After a very happy couple of days using streamlit - managed a couple of running apps and managed to package an offline app pretty cool and not bad for a biologist! first app here Streamlit used as a test case for data viewing.
The goal is an offline app for people to run on their own machines. It doesn’t like providing a path to files like local hosting for nativefier… not sure why… so trying to using file uploader. However, this isn’t working as expected - likely something I have missed…however the documents suggests that UploadFile ‘type’ is a online version of the csv file and should pass direct to pandas. So passing a single file or passing a loop set of files direct to pandas read_csv seems to work I get the normal error when reading these files.
so calling a globbed path to files or URL of raw csv files works.
arrays = ArayaManager(files) # this normally contains a globbed list of local file names and work if
#passing st.text input and through pathlib.

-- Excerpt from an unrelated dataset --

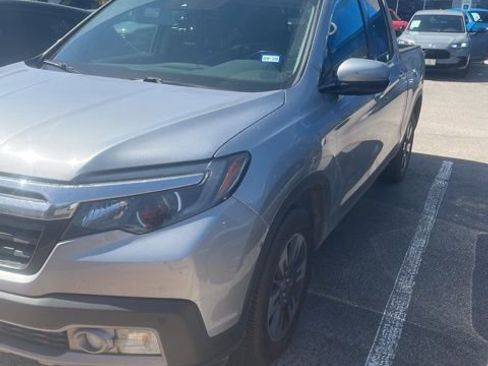 Used 2018 Honda Ridgeline RTL-E image 2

comp = arrays.concatenate_dataframes() # access the required files.
passing…
uploaded_files = st.file_uploader("Upload CSV", type='csv', accept_multiple_files=True)
does not work - error concatenate_dataframes takes one argument got 2.
Why is this?
so try
uploaded_files = st.file_uploader('Select files',type=['csv'],accept_multiple_files=True)

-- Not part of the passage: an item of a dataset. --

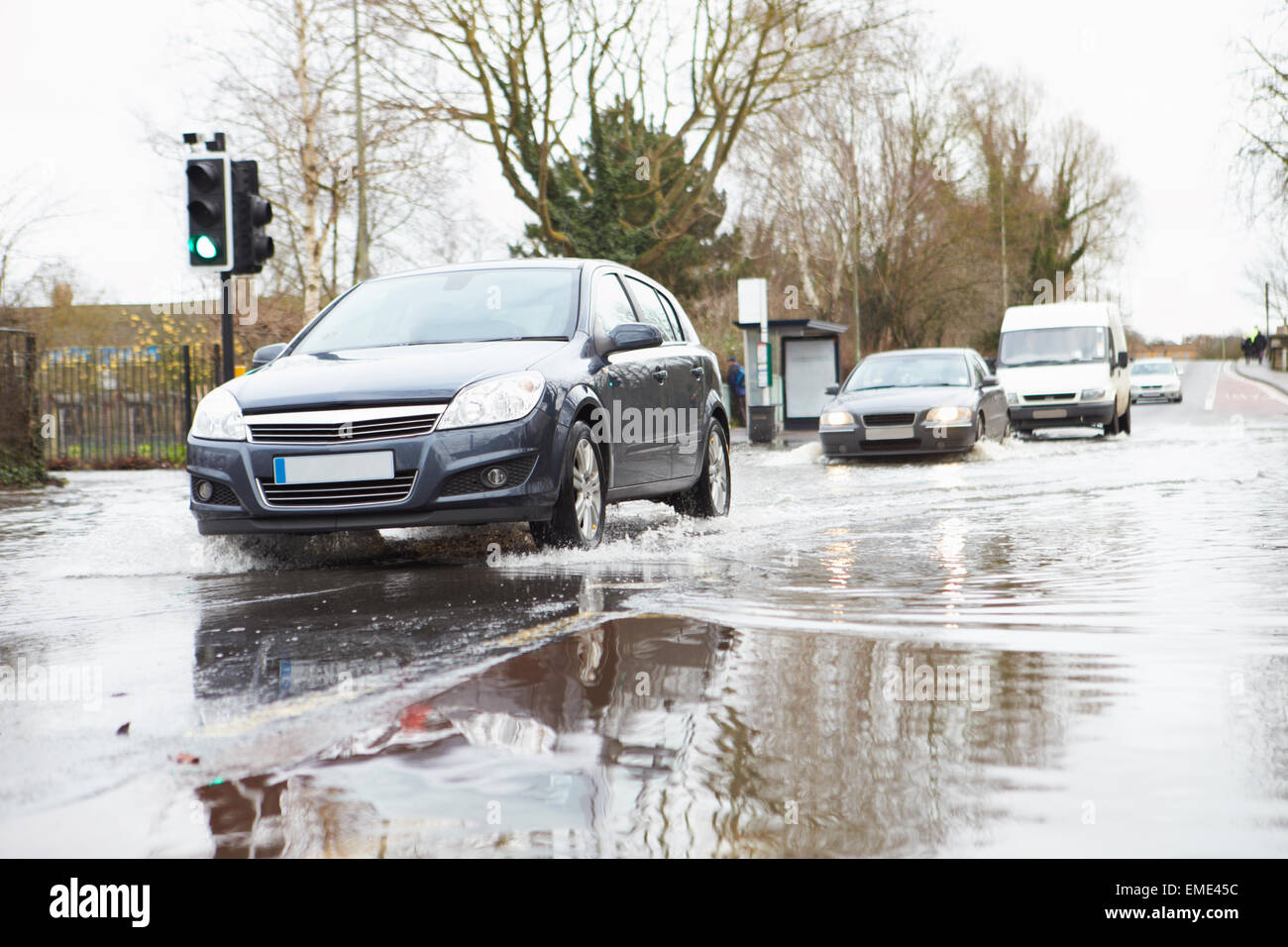 Señal de tráfico en carreteras urbanas inundadas Foto de stock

file_lst = [uploaded_file.getbuffer for uploaded_file in uploaded_files]
files = st.write(file_lst)
and try passing to ArayaManger - get error - NoneType ‘object’ is not iterable
so I am not passing anything and there is nothing for concatenate_dataframes to work on…
The parser class
class WellDataManager:
"""Parent class for importing data from any instrument"""
def __init__(self,
files,
run_name_split_loc=1,
group_name=""):
super().__init__()
# project attributes
self.file_names = files
self.group_name = group_name
self.run_name = ""
self.split_char_loc = run_name_split_loc
self.run_df = pd.DataFrame()
self.group_df = pd.DataFrame()
# csv read attributes
self.tables = 1
self.index_column = [0]
self.header_row = [1]
self.row_count = [8]
self.column_names = ['Row_ID', 'Col_ID', 'Value']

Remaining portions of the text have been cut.